### EXERCISE BRIEF
Retype, word for word, every line starting at the line with "Aluminium 76 x" and ending with the final line of the entries; skip the pictures.

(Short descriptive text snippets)

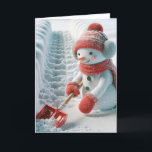 Christmas Snowman With Red Shovel Holiday Card<br><div class="desc">A cheerful snowman dressed in cozy winter accessories shovels a path through the snow with a red shovel and snowflakes.
Text can be changed.</div>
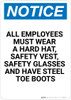 Notice: All Employees Must Wear Portrait - Wall Sign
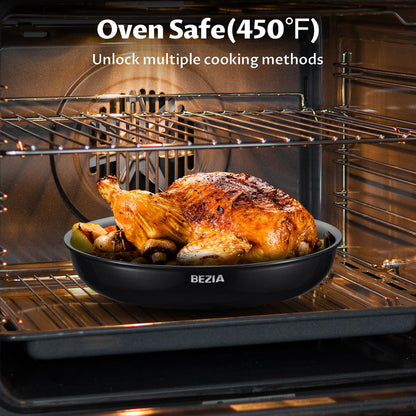 BEZIA Induction Hob Pans Set, Ceramic Nonstick Pots and Pans Set 10 Pieces, Pan Sets with Detachable Handles, Stackable Cookware Set for All Hobs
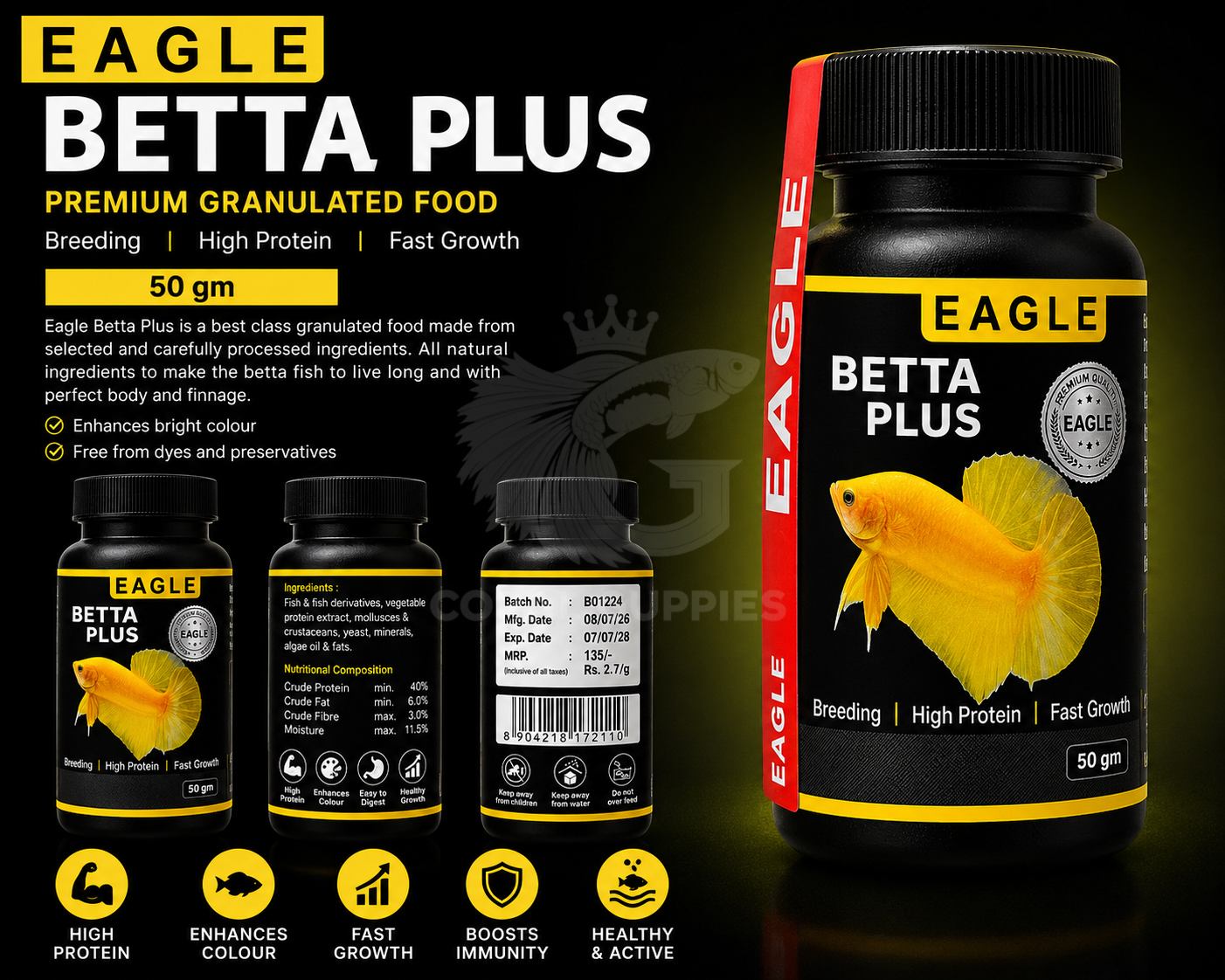 Best Eagle Betta Plus Aquarium Fish Food Online - Coral Guppies Shop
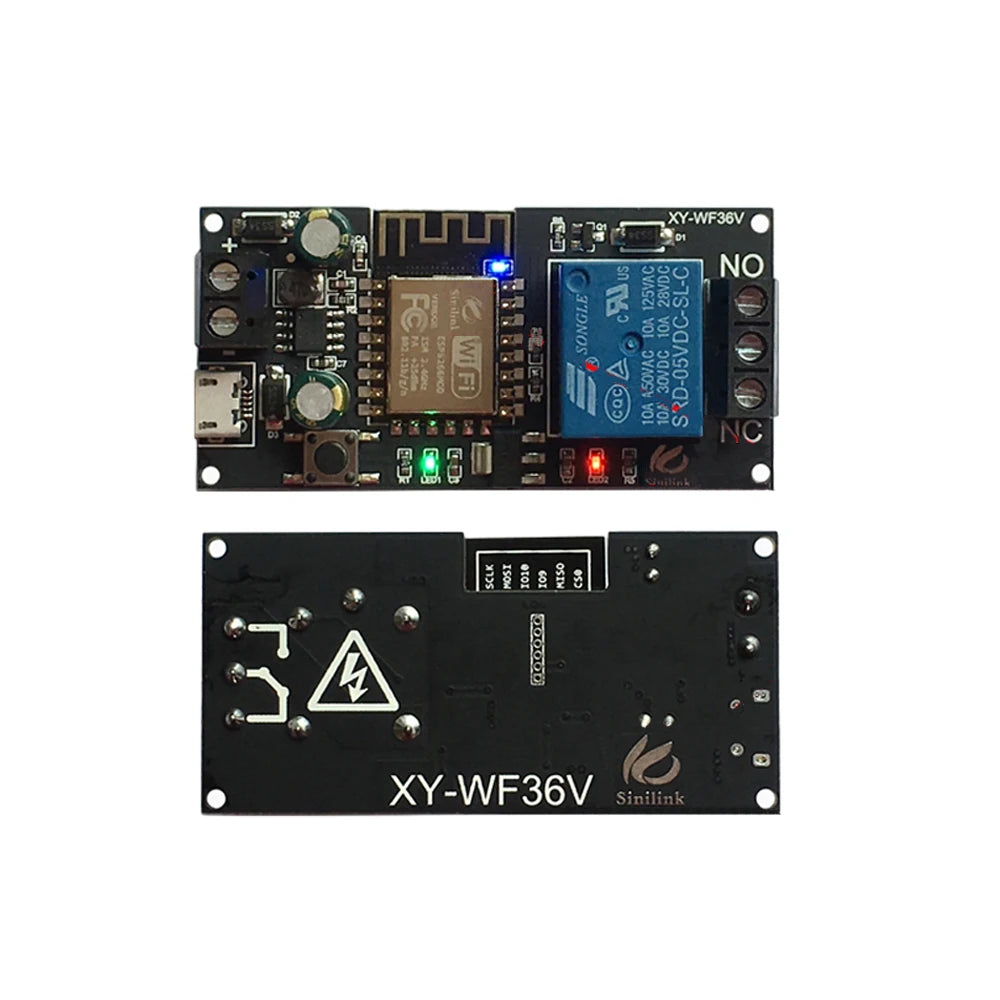 Sinilink WIFI Mobile Phone Remote Control Relay Module DC5V DC6~36V Smart Home Phone APP ESP-12F Long Range Remote Control Board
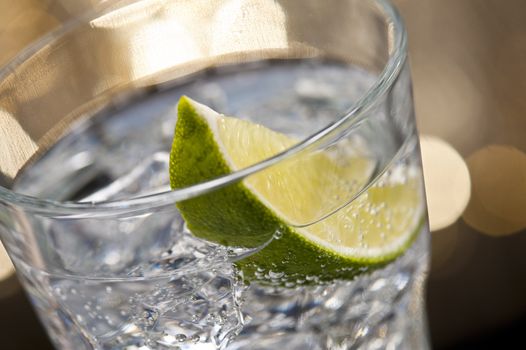 Gin Tonic Cocktail in front of a brown gold background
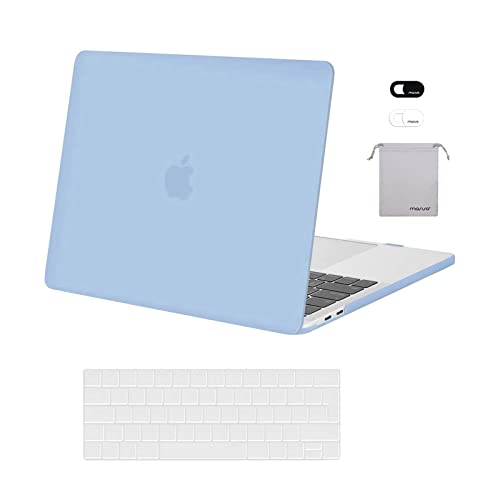 MOSISO Hülle Case Kompatibel mit MacBook Pro 13 Zoll 2024-2016 A2338 M2 M1 A2289 A2251 A2159 A1989 A1706 A1708,Plastik Hartschale&Tastaturschutz&Webcam Cover&Lager Tasche,Luftiges Blau von MOSISO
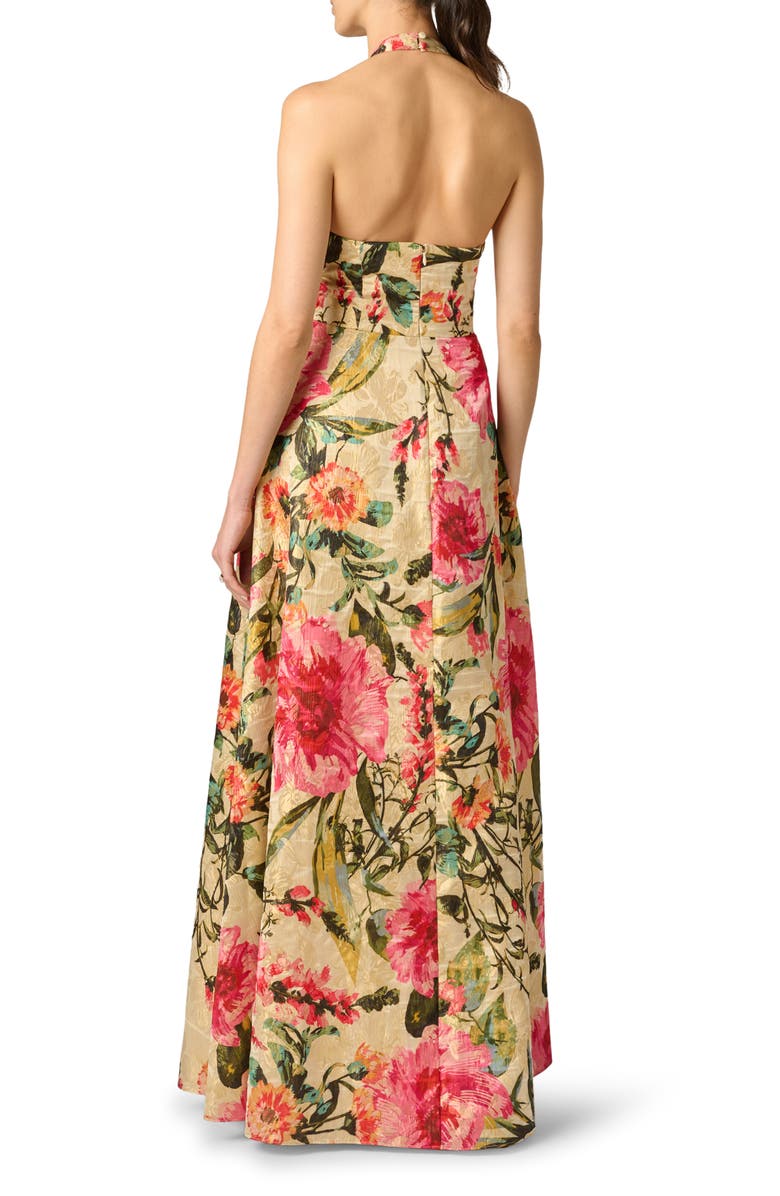 Aidan Mattox Metallic Floral Jacquard Halter Neck Gown, Alternate, color, Pink Multi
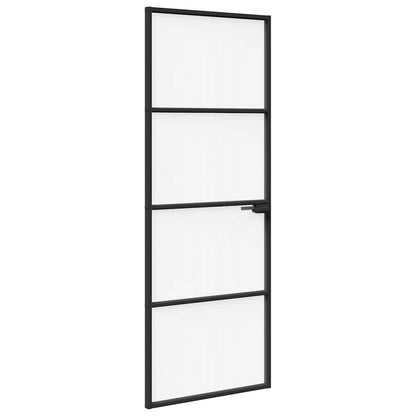 Aluminium 76 x 201,5 cm Zwart en gegolfd 3 horizontale stangen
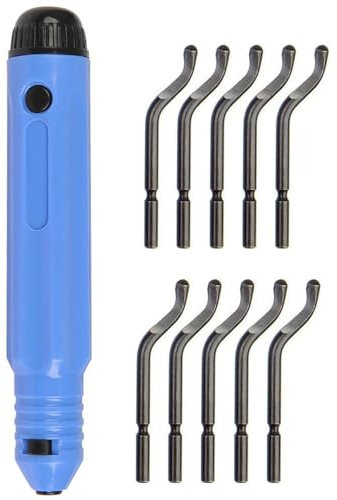 KGDUYC Entgrater Werkzeug Universal Handentgrater mit 10 Stück Ersatzklingen Entgrater Set für Kunststoff, Aluminium und Edelstahl, Werkzeuge für Tür- und Fensterprofile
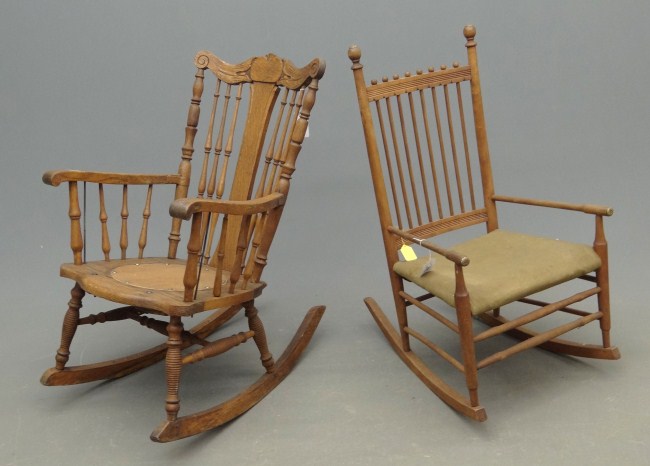 Lot two Victorian rockers one oak with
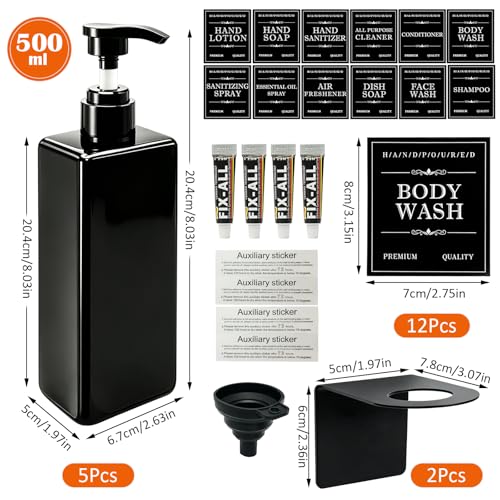 Prebarfun 5Pack Shampoo and Conditioner Dispenser, 500ml Wall Mounted Soap Dispenser, Refillable Shower Bottles, Plastic Pump Bottle with Funnel, Waterproof Labels, for Bathroom, Kitchen,Hotel (Black)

### RESPONSE TO THE TASK
 Aluminium 76 x 201,5 cm Zwart en gegolfd 3 horizontale stangen
 KGDUYC Entgrater Werkzeug Universal Handentgrater mit 10 Stück Ersatzklingen Entgrater Set für Kunststoff, Aluminium und Edelstahl, Werkzeuge für Tür- und Fensterprofile
 Lot two Victorian rockers one oak with
 Prebarfun 5Pack Shampoo and Conditioner Dispenser, 500ml Wall Mounted Soap Dispenser, Refillable Shower Bottles, Plastic Pump Bottle with Funnel, Waterproof Labels, for Bathroom, Kitchen,Hotel (Black)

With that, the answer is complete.